After checking out the beautiful, clean, and contemporary shop we reviewed our flavor options and discovered they had mini cupcakes in almost every flavor. Minis are great because it meant we could order more flavors to try, so after selecting our flavors we sat down for our first bite of Fraîche cupcakes. No one was more excited to get to the cupcakes than our littlest Crusader, Jenn’s daughter, Leah – she was so excited to see cupcakes and very anxious to eat them. Below are our flavor picks and thoughts:

Chocolate Green Tea (Sept 26 – Oct 2 Special flavor – full-size cupcake)

Interesting flavor combos always intrigue and inspire us, so we knew we had to try this cupcake. When Crusader Jenn and I initially tasted the frosting we liked its punch of tea flavor, but then tasting it with the cake made us all look at each other quizzically. We just didn’t like the two flavors together. The cake flavor itself was ok, but the texture was off and reminded us of a cake/brownie mix. The frosting alone tasted exactly like green tea, but had a very sweet aftertaste that I didn’t care for. Joel also didn’t like this flavor combination, and didn’t finish this cupcake. While this might not have been our favorite cupcake, it did spark discussion of what kind of flavors might work better and might have inspired my next baking experiment flavor!

Red Velvet mini

Being the “Red Velvet Crusader” I am very particular, but this cupcake did not disappoint. Cake with a crunchy top isn’t always a good thing, but it was one of the many reasons I loved this cupcake. The cake had amazing flavor and the frosting was smooth with a well balanced cream cheese frosting. Crusader Stacy and I really enjoyed this mini and next time I’ll need to order a full-size Red Velvet.

Blueberry Pancake mini

Pancake in cupcake form? Yes please. While this cake was a bit on the dense side, it tasted exactly like a blueberry pancake. The subtle maple flavor of the buttercream frosting added just the right amount of “syrup” on top. Crusader Stacy said it best, “This is awesome.”

Cinnamon mini

Cinn-fully delicious! Wow, did this cupcake pack a cinnamon flavor explosion. We all enjoyed the generous dusting of cinnamon on top. And with the perfect sweet, moist cake and creamy frosting balance, this cupcake was a great fall treat.

Raspberry Almond mini

Almond is a favorite flavor profile of the Crusaders and this cupcake was the perfect balance of tangy raspberry and almond flavors. The cake was on the dense side, but that didn’t bother us as we dove in and devoured this mini. The frosting wasn’t too sweet and the sliced almonds on top added a fantastic crunch of texture.

Mocha mini

Jenn took this one home and enjoyed it, here are her thoughts: This cupcake had tons of coffee/espresso flavor in the frosting, but the cake had the same weird texture as the Chocolate Green Tea cupcake.

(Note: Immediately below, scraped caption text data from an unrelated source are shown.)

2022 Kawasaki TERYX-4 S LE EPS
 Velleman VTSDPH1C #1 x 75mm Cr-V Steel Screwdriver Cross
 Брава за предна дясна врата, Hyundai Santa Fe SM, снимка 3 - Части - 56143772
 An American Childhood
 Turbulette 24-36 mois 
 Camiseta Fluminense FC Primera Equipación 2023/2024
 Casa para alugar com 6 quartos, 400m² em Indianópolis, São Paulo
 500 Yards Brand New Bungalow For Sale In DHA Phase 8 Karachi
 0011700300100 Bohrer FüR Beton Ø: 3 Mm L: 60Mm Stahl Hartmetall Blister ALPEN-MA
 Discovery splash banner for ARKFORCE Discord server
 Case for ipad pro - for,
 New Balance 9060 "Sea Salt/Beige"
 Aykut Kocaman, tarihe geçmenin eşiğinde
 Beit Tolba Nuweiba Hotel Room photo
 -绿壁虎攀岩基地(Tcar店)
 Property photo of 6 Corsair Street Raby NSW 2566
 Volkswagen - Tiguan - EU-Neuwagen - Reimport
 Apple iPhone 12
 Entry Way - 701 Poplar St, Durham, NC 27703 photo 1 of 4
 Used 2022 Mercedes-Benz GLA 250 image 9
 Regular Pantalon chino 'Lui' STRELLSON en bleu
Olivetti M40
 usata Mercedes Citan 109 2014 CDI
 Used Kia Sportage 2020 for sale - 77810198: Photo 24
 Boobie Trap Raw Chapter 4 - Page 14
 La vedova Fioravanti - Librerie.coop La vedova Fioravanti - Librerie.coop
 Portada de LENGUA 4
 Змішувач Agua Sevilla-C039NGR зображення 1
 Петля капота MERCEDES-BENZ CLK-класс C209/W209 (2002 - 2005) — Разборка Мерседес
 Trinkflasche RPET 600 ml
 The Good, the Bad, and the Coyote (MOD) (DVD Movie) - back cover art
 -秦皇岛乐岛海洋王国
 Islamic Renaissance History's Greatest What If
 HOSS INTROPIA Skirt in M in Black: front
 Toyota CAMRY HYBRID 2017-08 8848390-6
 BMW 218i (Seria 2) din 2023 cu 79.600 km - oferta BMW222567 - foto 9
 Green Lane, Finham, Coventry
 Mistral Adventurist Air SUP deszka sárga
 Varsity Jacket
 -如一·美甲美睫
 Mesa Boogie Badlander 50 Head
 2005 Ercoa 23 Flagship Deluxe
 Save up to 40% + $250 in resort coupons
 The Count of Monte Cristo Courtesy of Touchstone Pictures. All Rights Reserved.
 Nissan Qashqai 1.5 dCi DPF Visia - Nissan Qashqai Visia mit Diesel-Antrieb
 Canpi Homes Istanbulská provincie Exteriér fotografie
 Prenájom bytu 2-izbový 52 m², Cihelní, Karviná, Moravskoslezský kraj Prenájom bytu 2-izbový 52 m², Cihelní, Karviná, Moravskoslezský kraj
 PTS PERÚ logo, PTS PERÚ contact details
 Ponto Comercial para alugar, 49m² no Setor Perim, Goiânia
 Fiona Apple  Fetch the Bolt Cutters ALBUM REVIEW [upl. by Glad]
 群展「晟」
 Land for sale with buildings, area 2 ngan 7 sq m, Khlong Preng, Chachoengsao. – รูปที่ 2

Joel picked a couple of flavors that we didn’t try, including Lemon Almond and Carrot Cake. He agreed that the cakes were dense and a bit too dry for his liking. He also thought the carrot cake tasted more like a plain yellow cake with carrots in it, missing the spices that are typical for carrot cake flavor.

Overall we enjoyed Fraîche Cupcakery’s cupcakes, and while the Green Tea cupcake wasn’t a favorite, it did inspire flavor discussions and baking ideas. All of the cake was on the dense side, but that didn’t take away from their fantastic flavors. Their friendly staff, great flavor options, and dedication to the environment will keep us coming back when we are in the Bethesda area. The Weekly Savory Specials in October (available on Sat and Sun) include: Rosemary Fig (Oct 6-7), Baked Potato (Oct 13-14) and Chips & Salsa (Oct 20-21) and are all flavors that make us want to stop in on the upcoming weekends – oh if only we lived closer!